__Task to carry out__. Using the data below, output a verbatim copy of the lines between the one holding "Saramonic(サラモニック) ワイヤレス/ラベリア Blink" and the one holding "Tiffany & Co", inclusive, without any pictures.

__Records to use__.
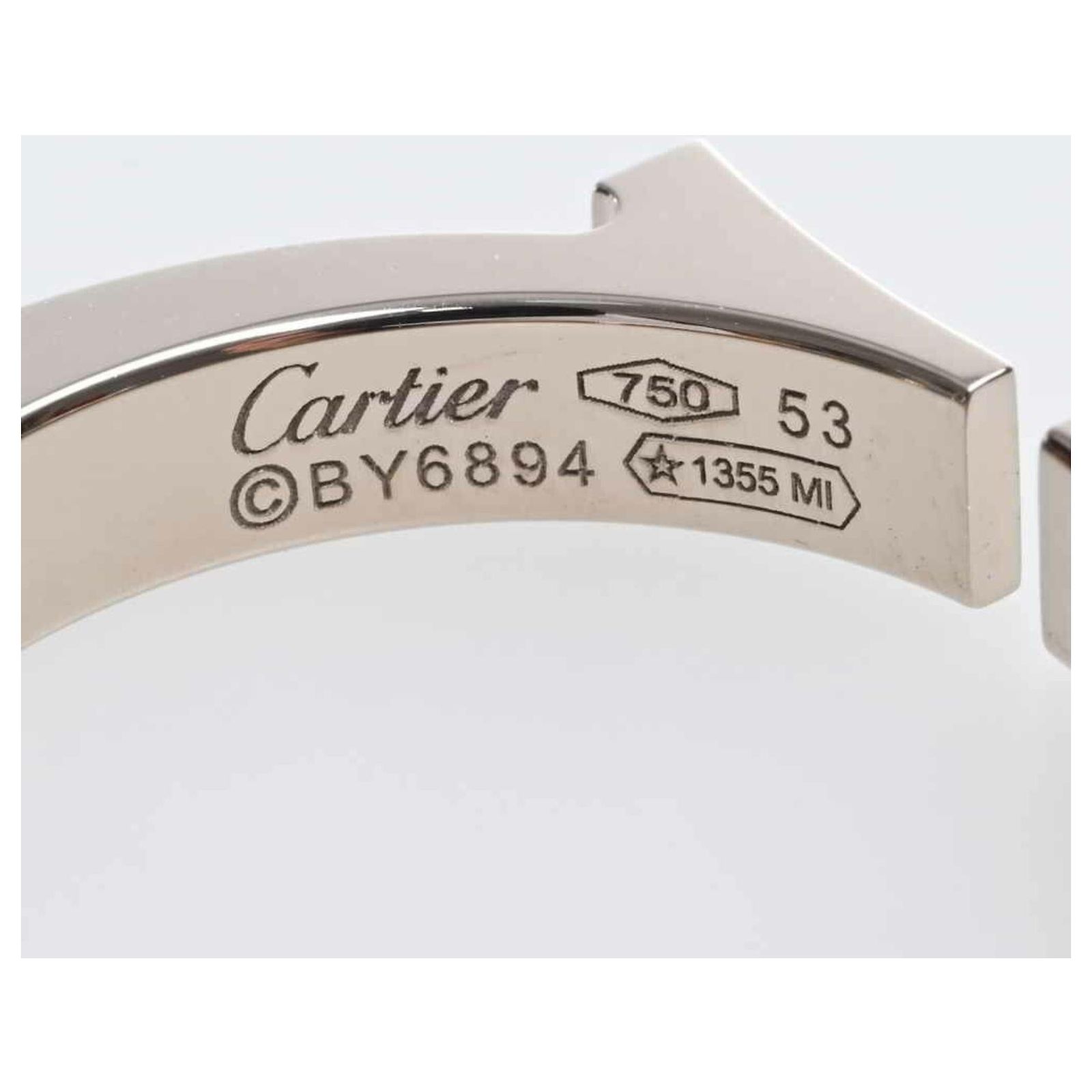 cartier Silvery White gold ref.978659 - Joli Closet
* * *
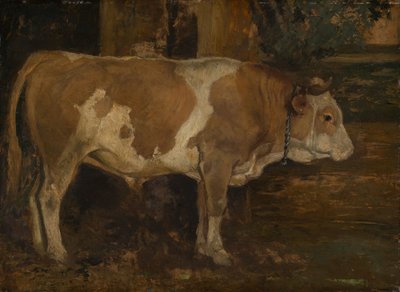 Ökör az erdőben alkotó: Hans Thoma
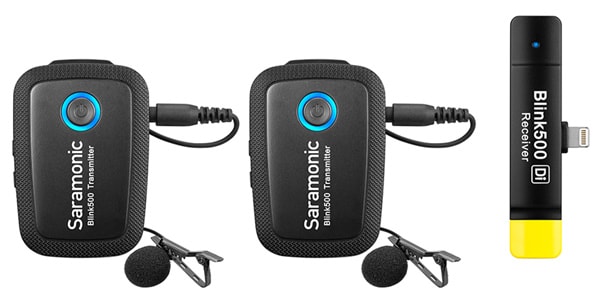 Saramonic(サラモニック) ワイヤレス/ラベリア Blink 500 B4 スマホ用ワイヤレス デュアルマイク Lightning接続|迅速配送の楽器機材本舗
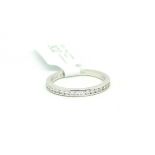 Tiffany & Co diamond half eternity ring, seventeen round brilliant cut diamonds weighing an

__Solution for this exercise__.
 Saramonic(サラモニック) ワイヤレス/ラベリア Blink 500 B4 スマホ用ワイヤレス デュアルマイク Lightning接続|迅速配送の楽器機材本舗
 Tiffany & Co diamond half eternity ring, seventeen round brilliant cut diamonds weighing an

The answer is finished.